#### [Goal of the exercise]
Carry none of the pictures over; write out the complete data exactly.

#### [Data below]
┄┄┄┄┄┄┄┄┄┄

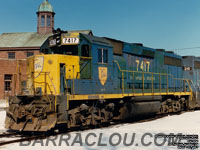 DH 7417 - GP39-2 (To CSXT 4318 -- ex-DH 386, nee RDG 3417)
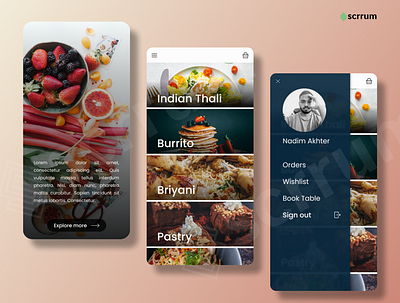 Restaurant food ordering app with table booking app branding design graphic design illustration logo minimal ui ux vector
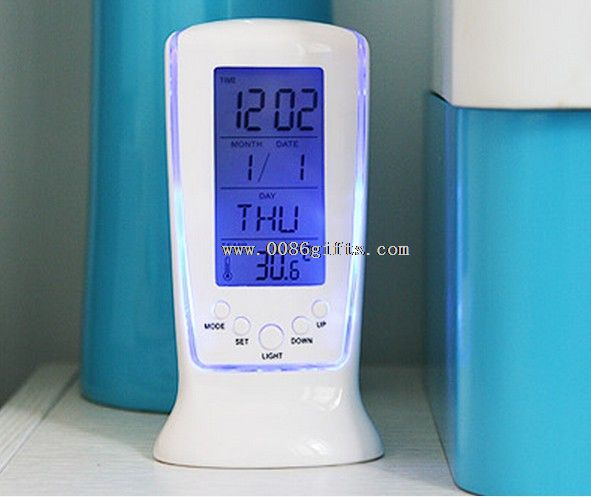 Led digital display desk calendar alarm clock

┄┄┄┄┄┄┄┄┄┄

#### [Expected answer]
 DH 7417 - GP39-2 (To CSXT 4318 -- ex-DH 386, nee RDG 3417)
 Restaurant food ordering app with table booking app branding design graphic design illustration logo minimal ui ux vector
 Led digital display desk calendar alarm clock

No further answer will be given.